I wanted to tag all of my posts on my wordpress blog with 1750 posts. I started researching how it could be automated.
The first problem was to access all of the content. Blogs hosted on wordpress have sitemaps of all published posts and pages at /sitemap.xml. Using LINQ, I was able to go through each page and download a copy to my hard drive.
I wanted to get the raw data of the original post, including metadata. For this, I found a few API’s built upon the XML- RPC.Net platform. XML-RPC for dot net came with a few interaces including Blogger API, MetaWeblog API, and Movable Type API. WordPress supports a combination of the various API’s, and extends them.
I noticed that I needed to hard-code the API endpoints. Some methods were supposed to be available to set the URL, but the author forgot to inherit the IXmlRpcProxy on both IMetaWeblog and IBlogger. I added it and this got me up and running to get some posts. The methods available only provide a way to get the most recent posts (no paging). When I attempted to get all of my posts, I got exceptions. I found that I could parse the identification of my posts with a regular expression against the HTML content that saved to my local hard drive. I was able to directly access individual posts by their ID.
I ran into problems with enclosures (podcast audio files). I tracked the problem down to an error on a bad implimentation of the MetaWeblog API by wordpress itself. The file length is supposed to be an integer, representing the number of bytes. It is returned as a string. I changed the interface so that the length of enclosures is treated as a string.

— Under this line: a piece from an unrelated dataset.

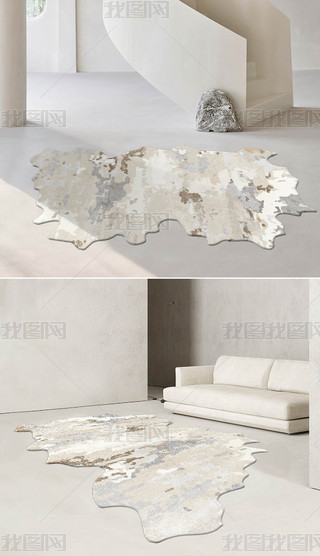 F(xin)p̦\ֲﺆsȻ͏dP(gun)߅̺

After that, I started to have a new problem. None of the data included any tagging information. I got down to bypassing the Xml-Rpc library and making a direct call with a WebClient to fetch a known page with tags. The response not only included the basic structure defined in the MetaWeblog API interface, but it included a ton more fields, including mt_keywords. With this new knowledge, I was able to add the following fields:
The custom fields introduced a new structure as well with id, key, and value fields. Each field was a string except for sticky (a boolean), and the date created in GMT (a date). Armed with this updated interface, I was able to download all of my posts once more and serialize them as xml to be saved on my local hard disk. I had some nice caching built in to load up the serialized xml objects as a cache rather than hit against the website. I did this for other files as well including the html, but that was saved as raw html rather than as an object.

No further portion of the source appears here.